Task statement: From the listing below, reproduce exactly the lines starting with the one with "this 568×320 image." and going on through the one with "this 440×350 image.", both ends kept. No picture is copied.

Data listing:
[Start of Attachment]

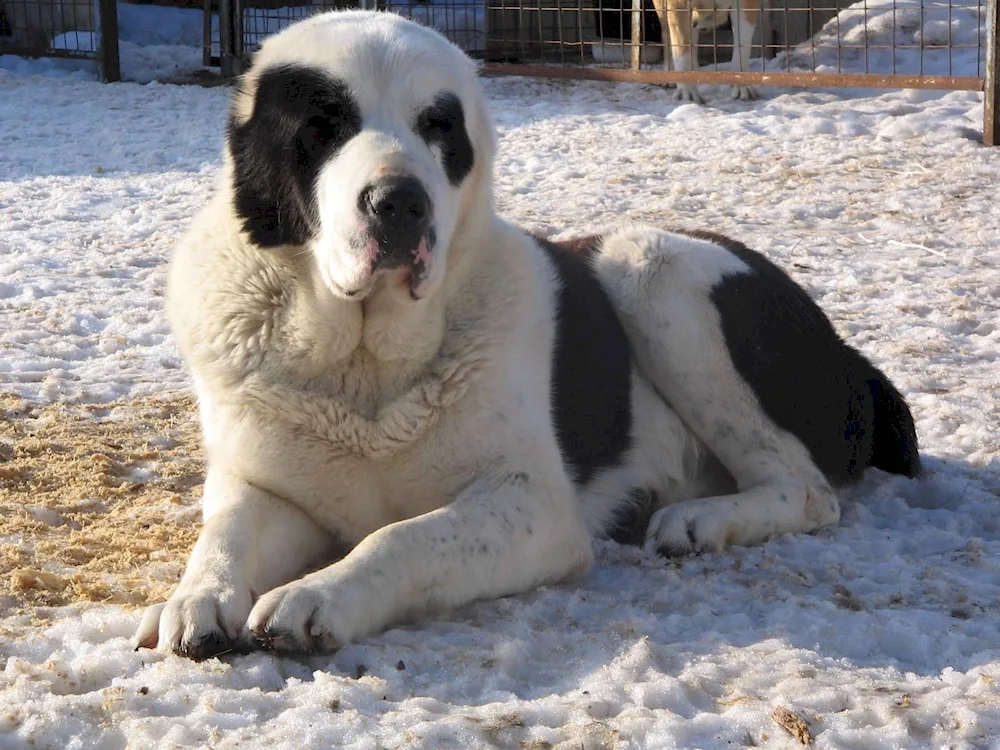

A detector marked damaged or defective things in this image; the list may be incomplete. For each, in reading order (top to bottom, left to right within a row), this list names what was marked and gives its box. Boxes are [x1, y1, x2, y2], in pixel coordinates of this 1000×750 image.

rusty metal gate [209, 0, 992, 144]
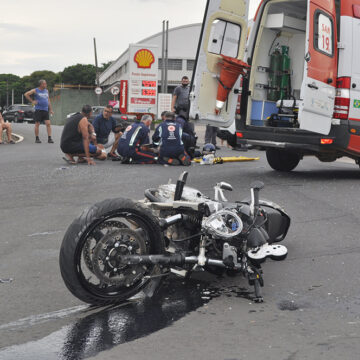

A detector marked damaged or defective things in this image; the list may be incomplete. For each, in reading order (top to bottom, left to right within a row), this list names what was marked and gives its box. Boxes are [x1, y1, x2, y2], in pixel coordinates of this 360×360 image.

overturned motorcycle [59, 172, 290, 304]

[End of Attachment]
[Start of Attachment]

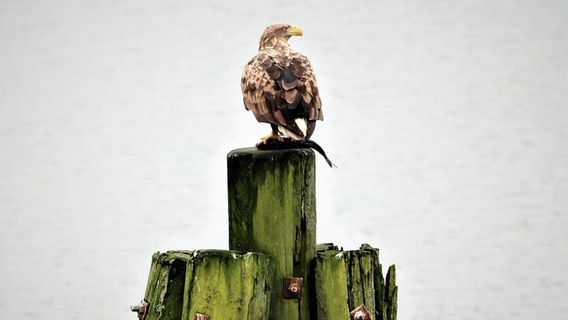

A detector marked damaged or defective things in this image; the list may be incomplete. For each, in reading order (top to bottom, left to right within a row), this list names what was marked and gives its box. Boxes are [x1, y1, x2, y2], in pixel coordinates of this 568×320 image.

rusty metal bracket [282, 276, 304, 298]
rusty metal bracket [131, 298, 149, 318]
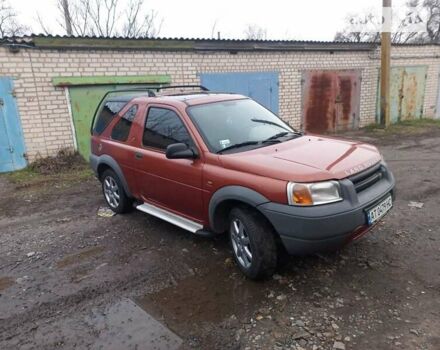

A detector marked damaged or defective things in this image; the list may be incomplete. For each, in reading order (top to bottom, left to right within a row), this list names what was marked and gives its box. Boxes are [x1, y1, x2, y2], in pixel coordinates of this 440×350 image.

[End of Attachment]
[Start of Attachment]

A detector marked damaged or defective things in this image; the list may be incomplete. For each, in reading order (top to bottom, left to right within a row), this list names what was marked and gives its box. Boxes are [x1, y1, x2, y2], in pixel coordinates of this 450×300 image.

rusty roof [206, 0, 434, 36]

[End of Attachment]

Result:
A detector marked damaged or defective things in this image; the list may be incomplete. For each, in reading order (top to bottom, left to right within a row), this list names what was marked and gives its box. Boxes are [x1, y1, x2, y2], in pixel coordinates of this 568×320 image.

rusty metal bracket [282, 276, 304, 298]
rusty metal bracket [131, 298, 149, 318]

A detector marked damaged or defective things in this image; the list may be incomplete. For each, in reading order (top to bottom, left to right within a row), this list names what was marked and gives its box. Boxes are [x1, y1, x2, y2], in pixel coordinates of this 440×350 image.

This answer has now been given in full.